[x86] Improved pre-reload split of double word comparison against -1.

Message ID 01ad01d8a663$6e062820$4a127860$@nextmovesoftware.com
State Committed
Commit e6b011bcfd52c245978ccd540e3f929571c59471
Headers
Series [x86] Improved pre-reload split of double word comparison against -1. |

Commit Message

Roger Sayle Aug. 2, 2022, 11:31 a.m. UTC
  This patch adds an extra optimization to *cmp<dwi>_doubleword to improve
the code generated for comparisons against -1.  Hypothetically, if a
comparison against -1 reached this splitter we'd currently generate code
that looks like:

        notq    %rdx            ; 3 bytes
        notq    %rax            ; 3 bytes
        orq     %rdx, %rax      ; 3 bytes
        setne   %al

With this patch we would instead generate the superior:

        andq    %rdx, %rax      ; 3 bytes
        cmpq    $-1, %rax       ; 4 bytes
        setne   %al

which is both faster and smaller, and also what's currently generated
thanks to the middle-end splitting double word comparisons against
zero and minus one during RTL expansion.  Should that change, this would
become a missed-optimization regression, but this patch also (potentially)
helps suitable comparisons created by CSE and combine.

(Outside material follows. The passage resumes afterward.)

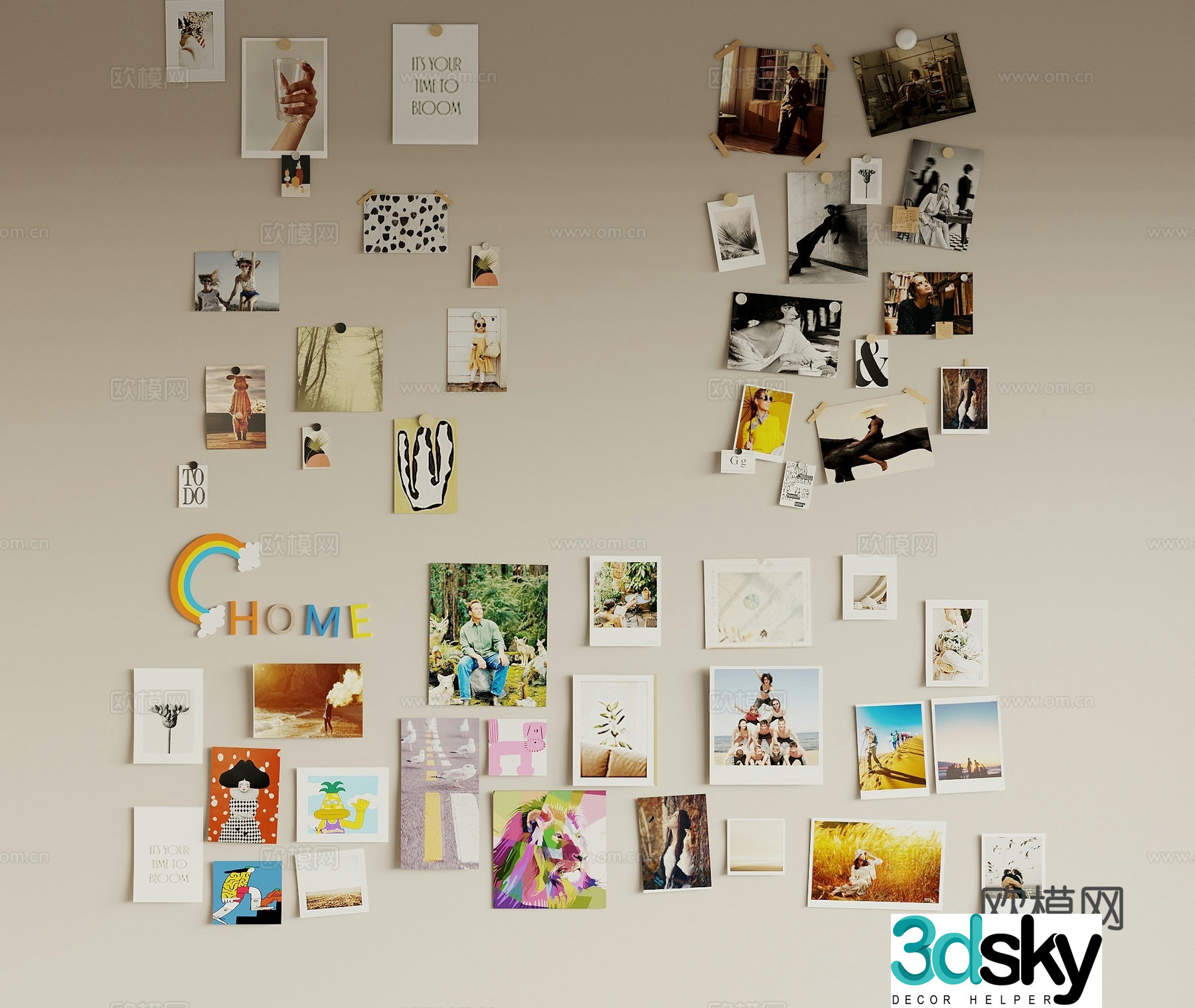 Decorative painting art painting hanging painting photo wall 3D model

This patch has been tested on x86_64-pc-linux-gnu, on its own and in
combination with a middle-end patch tweaking RTL expansion, both with
and without --target-board=unix{-m32}, with no new failures.
Ok for mainline?


2022-08-02  Roger Sayle  <roger@nextmovesoftware.com>

gcc/ChangeLog
        * config/i386/i386.md (*cmp<dwi>_doubleword): Add a special case
        to split comparisons against -1 using AND and CMP -1 instructions.


Thanks again,
Roger
--
  

Comments

Uros Bizjak Aug. 2, 2022, 5:24 p.m. UTC | #1
On Tue, Aug 2, 2022 at 1:31 PM Roger Sayle <roger@nextmovesoftware.com> wrote:
>
>
> This patch adds an extra optimization to *cmp<dwi>_doubleword to improve
> the code generated for comparisons against -1.  Hypothetically, if a
> comparison against -1 reached this splitter we'd currently generate code
> that looks like:
>
>         notq    %rdx            ; 3 bytes
>         notq    %rax            ; 3 bytes
>         orq     %rdx, %rax      ; 3 bytes
>         setne   %al
>
> With this patch we would instead generate the superior:
>
>         andq    %rdx, %rax      ; 3 bytes
>         cmpq    $-1, %rax       ; 4 bytes
>         setne   %al
>
> which is both faster and smaller, and also what's currently generated
> thanks to the middle-end splitting double word comparisons against
> zero and minus one during RTL expansion.  Should that change, this would
> become a missed-optimization regression, but this patch also (potentially)
> helps suitable comparisons created by CSE and combine.
>
> This patch has been tested on x86_64-pc-linux-gnu, on its own and in
> combination with a middle-end patch tweaking RTL expansion, both with
> and without --target-board=unix{-m32}, with no new failures.
> Ok for mainline?
>
>
> 2022-08-02  Roger Sayle  <roger@nextmovesoftware.com>
>
> gcc/ChangeLog
>         * config/i386/i386.md (*cmp<dwi>_doubleword): Add a special case
>         to split comparisons against -1 using AND and CMP -1 instructions.

OK.

Thanks,
Uros.
  

Patch

diff --git a/gcc/config/i386/i386.md b/gcc/config/i386/i386.md
index f1158e1..e8f3851 100644
--- a/gcc/config/i386/i386.md
+++ b/gcc/config/i386/i386.md
@@ -1526,6 +1526,15 @@ 
       operands[i] = force_reg (<MODE>mode, operands[i]);
 
   operands[4] = gen_reg_rtx (<MODE>mode);
+
+  /* Special case comparisons against -1.  */
+  if (operands[1] == constm1_rtx && operands[3] == constm1_rtx)
+    {
+      emit_insn (gen_and<mode>3 (operands[4], operands[0], operands[2]));
+      emit_insn (gen_cmp_1 (<MODE>mode, operands[4], constm1_rtx));
+      DONE;
+    }
+
   if (operands[1] == const0_rtx)
     emit_move_insn (operands[4], operands[0]);
   else if (operands[0] == const0_rtx)